» **WORK ORDER**
Only the text should come through, so restate the listing exactly and drop its images.
(SUPPLIED INFORMATION)
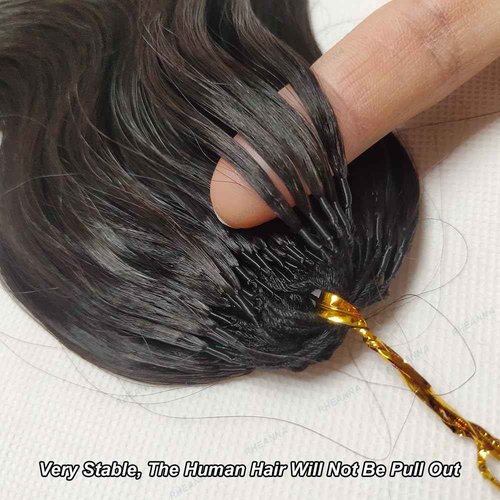 RHEANNA Feather Crochet Human Hair Extensions Wet and Wavy Knotless Pre-Separated Crochet Hair Extensions Human Hair With String In The Middle Braid 16inch 120g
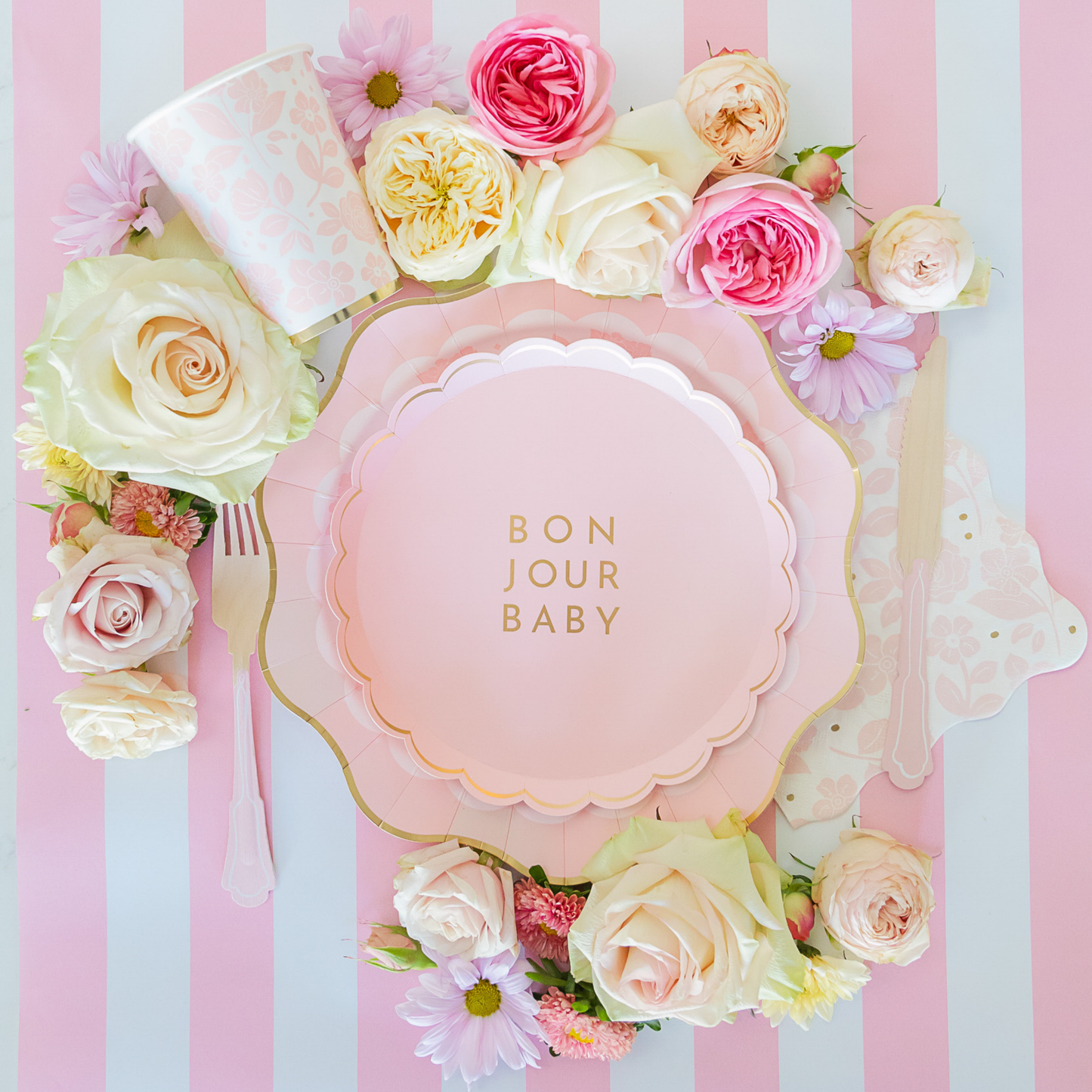 Petal Pink Floral Dinner Napkins – Set of 20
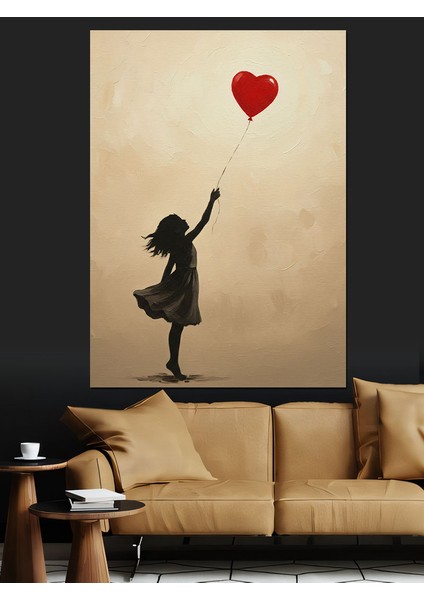 Kırmızı Kalpli Uçan Balon Dekoratif Kanvas - Mdf Ahşap Tablo indirimleri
(End SUPPLIED INFORMATION)
» **TASK SOLUTION**
 RHEANNA Feather Crochet Human Hair Extensions Wet and Wavy Knotless Pre-Separated Crochet Hair Extensions Human Hair With String In The Middle Braid 16inch 120g
 Petal Pink Floral Dinner Napkins – Set of 20
 Kırmızı Kalpli Uçan Balon Dekoratif Kanvas - Mdf Ahşap Tablo indirimleri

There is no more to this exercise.